Ainda que não constando da lista, foi também elogiada a recém-designada conselheira política, Kang Kyung-wha, da Coreia do Sul. “Extremamente inteligente, ela presidiu ao grupo que preparou a transição de Guterres. Como já tinha sido secretária-geral assistente, contribuirá com o conhecimento adquirido na anterior administração.”
“Estas são mulheres excelentes, não apenas pela sua enorme experiência em assuntos internacionais, mas também por dominarem muito bem o funcionamento interno da ONU”, sublinhou a líder da WomanSG, movimento da sociedade civil criado em 2015.
Guterres já anteriormente as tinha louvado: “”São o alicerce da equipa que continuarei a formar, respeitando o meu compromisso para com a igualdade de género e a diversidade geográfica.”

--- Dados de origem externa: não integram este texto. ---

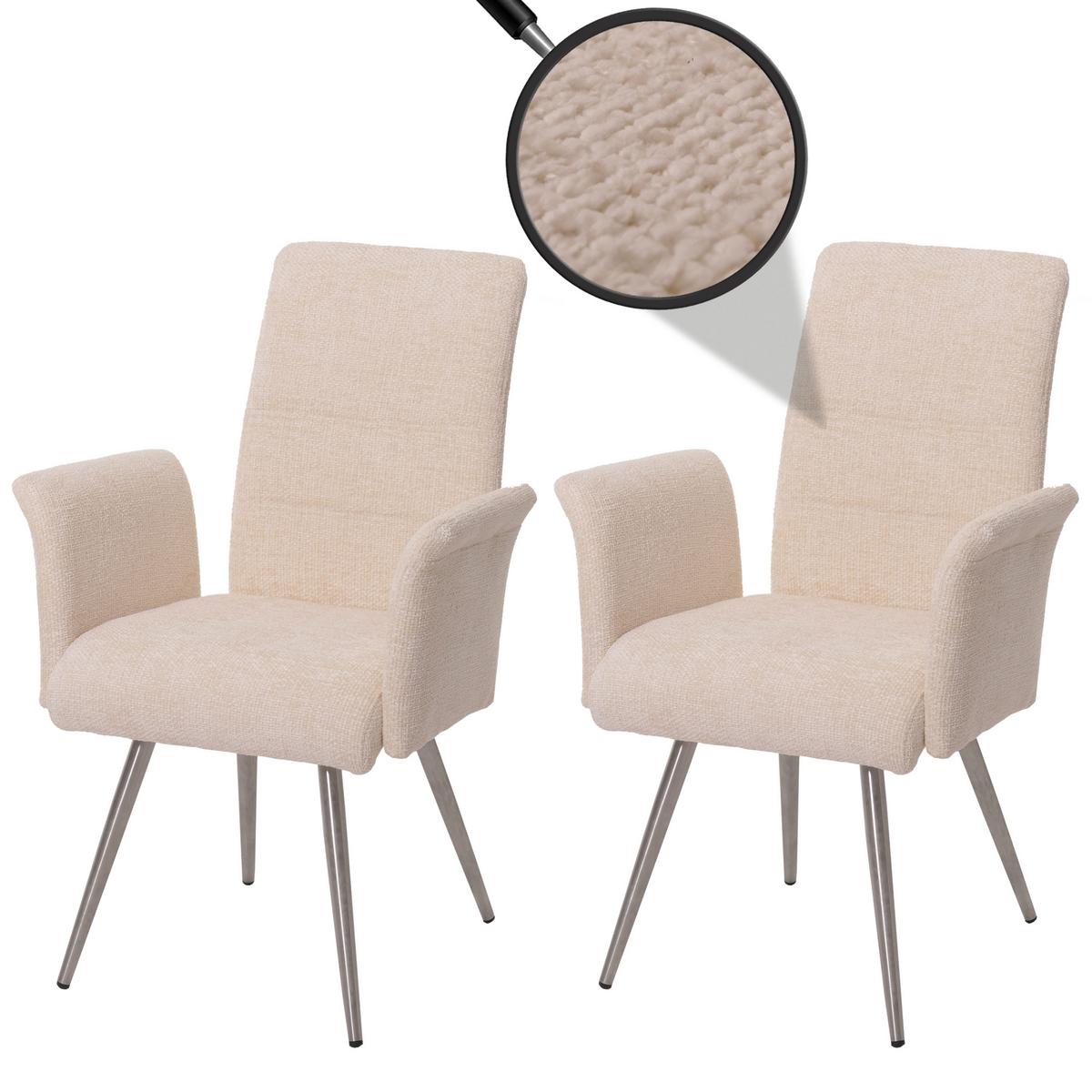ESSZIMMERSTUHL Cremeweiß 2er-Set - Weiß, Textil (64/98/58cm) - MCW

A nova secretária-geral adjunta, por exemplo, 55 anos, ministra do Ambiente da Nigéria, foi conselheira especial de Ban Ki-moon, tendo desempenhado um “papel crucial” nas negociações e aprovação dos (17) Objectivos do Desenvolvimento Sustentável para acabar com a pobreza extrema em 2030.
Foi também coordenadora, entre 2002 e 2005, da Task Force para a Educação e Género, do Projecto Milénio da ONU. Serviu três presidentes nigerianos, aconselhando-os sobre várias áreas, da protecção dos recursos naturais à reforma do sistema público. Foi CEO do Centro para o Desenvolvimento de Soluções Políticas, um think tank que envolve o governo, o Parlamento e o sector privado no mais populoso país de África, frequentemente agitado por tensões étnicas e religiosas.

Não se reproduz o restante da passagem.